I hear and see lots of All Male Peacocks/Haps, and all male Mbunas tanks. Can this be done with Victorians too. All Male Victorian tank? Which male would get along?


----------



## Loume (Dec 27, 2014)

it's not all male, but here's an overstocked mixed V.C. tank, if that's something you're thinking of.
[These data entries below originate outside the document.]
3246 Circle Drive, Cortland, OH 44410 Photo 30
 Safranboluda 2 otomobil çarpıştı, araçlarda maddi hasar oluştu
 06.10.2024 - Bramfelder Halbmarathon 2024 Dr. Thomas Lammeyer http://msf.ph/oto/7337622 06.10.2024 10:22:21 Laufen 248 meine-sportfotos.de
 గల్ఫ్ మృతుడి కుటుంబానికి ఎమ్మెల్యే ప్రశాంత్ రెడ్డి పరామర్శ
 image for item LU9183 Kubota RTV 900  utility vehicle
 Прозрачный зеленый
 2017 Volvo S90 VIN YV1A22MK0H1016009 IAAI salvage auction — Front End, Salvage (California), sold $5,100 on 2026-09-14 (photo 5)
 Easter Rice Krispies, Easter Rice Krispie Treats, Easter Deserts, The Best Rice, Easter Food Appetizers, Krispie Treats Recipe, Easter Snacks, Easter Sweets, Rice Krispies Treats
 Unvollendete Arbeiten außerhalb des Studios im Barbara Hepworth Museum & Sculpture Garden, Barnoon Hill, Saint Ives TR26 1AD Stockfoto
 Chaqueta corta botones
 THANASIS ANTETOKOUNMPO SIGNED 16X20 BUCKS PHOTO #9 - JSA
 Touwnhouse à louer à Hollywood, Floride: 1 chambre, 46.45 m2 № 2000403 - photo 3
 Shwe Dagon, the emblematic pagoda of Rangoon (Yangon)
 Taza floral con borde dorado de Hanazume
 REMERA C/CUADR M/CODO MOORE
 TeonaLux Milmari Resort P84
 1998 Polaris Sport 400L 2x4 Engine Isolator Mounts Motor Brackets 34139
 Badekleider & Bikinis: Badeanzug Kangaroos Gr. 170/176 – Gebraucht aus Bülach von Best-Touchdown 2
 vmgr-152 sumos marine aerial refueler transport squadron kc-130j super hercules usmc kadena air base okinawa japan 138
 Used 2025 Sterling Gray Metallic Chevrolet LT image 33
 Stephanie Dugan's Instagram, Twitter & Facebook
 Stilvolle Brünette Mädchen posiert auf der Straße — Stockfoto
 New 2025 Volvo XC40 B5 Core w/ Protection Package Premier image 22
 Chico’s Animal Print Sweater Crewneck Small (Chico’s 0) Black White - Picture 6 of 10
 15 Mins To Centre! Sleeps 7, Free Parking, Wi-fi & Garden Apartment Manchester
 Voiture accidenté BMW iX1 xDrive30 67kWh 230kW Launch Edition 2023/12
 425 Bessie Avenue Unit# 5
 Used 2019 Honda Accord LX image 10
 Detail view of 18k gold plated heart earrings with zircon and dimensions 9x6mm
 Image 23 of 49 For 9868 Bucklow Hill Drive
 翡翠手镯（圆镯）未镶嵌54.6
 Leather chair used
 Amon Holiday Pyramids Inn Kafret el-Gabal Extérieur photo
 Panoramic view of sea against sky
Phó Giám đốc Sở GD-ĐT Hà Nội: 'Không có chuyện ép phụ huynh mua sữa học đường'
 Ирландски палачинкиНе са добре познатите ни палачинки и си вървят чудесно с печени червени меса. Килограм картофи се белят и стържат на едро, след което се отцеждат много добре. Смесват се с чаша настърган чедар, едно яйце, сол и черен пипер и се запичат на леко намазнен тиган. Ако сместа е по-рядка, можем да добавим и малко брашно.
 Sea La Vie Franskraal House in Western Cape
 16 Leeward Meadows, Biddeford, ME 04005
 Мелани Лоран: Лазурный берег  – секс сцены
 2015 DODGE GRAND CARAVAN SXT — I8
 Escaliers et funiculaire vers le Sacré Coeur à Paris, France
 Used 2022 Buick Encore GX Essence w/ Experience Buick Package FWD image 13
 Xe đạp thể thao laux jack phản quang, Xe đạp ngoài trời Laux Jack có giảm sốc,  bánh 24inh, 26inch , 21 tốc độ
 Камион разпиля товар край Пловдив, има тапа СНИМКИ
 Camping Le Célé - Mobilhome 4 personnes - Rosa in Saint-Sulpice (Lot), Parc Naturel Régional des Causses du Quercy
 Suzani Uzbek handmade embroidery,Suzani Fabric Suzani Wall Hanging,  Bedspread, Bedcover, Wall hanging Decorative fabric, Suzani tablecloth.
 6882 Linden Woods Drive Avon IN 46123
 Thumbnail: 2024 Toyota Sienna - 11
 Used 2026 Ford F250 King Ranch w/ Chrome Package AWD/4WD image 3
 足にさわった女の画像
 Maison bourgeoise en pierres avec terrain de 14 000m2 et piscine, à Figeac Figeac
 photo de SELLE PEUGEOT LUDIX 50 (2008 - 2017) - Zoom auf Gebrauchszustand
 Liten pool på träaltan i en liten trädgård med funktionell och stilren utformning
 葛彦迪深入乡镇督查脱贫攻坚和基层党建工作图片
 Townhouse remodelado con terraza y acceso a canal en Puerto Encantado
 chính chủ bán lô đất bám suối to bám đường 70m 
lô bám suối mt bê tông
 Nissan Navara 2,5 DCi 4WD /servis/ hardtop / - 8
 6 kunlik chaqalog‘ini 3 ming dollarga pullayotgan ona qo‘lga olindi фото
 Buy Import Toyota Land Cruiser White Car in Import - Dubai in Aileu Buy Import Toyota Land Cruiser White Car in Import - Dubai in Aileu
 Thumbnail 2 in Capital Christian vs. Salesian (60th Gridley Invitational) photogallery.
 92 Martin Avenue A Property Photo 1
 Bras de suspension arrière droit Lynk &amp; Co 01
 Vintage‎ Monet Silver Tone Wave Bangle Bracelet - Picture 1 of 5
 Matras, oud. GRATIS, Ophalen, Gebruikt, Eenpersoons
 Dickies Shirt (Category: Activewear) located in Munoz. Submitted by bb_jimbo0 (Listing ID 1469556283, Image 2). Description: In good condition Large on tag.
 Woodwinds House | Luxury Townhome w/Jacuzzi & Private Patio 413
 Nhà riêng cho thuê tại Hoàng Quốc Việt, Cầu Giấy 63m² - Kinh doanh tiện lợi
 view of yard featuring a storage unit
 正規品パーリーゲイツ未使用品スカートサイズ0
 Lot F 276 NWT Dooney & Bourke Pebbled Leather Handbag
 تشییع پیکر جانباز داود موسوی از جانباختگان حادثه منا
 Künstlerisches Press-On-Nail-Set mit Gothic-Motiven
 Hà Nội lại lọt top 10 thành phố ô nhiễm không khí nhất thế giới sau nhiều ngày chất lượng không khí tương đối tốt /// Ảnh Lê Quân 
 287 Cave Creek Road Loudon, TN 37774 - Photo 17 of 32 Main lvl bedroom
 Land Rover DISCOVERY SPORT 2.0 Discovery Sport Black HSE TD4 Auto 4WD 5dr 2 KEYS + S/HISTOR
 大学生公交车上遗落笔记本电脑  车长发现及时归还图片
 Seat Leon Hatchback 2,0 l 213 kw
https://www.youtube.com/watch?v=UkjLp8IQgDU#t=128


----------



## DJRansome (Oct 29, 2005)

Male Victorians may not show their best colors without females, whereas Malawi do. I've tried male Victorians in an all-male Malawi tank: flameback, nyererei, ruby green. Astatotilapia latifasciata did pretty well color-wise but was too aggressive for my haps.


----------



## samaki (Oct 25, 2002)

Hi The vics males tend to show off their color to seduce the females.. so they can be colored but I doubt yu will see them as colorfull as when yu have females in yur tank.
xris


----------



## Malawian Idiot (Dec 19, 2012)

I've had the same experience that DJ describes - a few Victornian males (zebra obliquidens, Hippo Point salmon, Kyoga flameback, Hap. sp. #44, and ruby green) mixed in with my Lake Malawi peacocks and haps in a 210-gallon tank. The Victorians flashed decent color, but the Hippo Point and Kyoga flameback were very aggressive towards the other Victorians and some of the more docile peacocks in the tank as they got older so I had to move them out. Then the remaining Victorians became more aggressive, primarily with each other, but not as bad as the ones I removed.


----------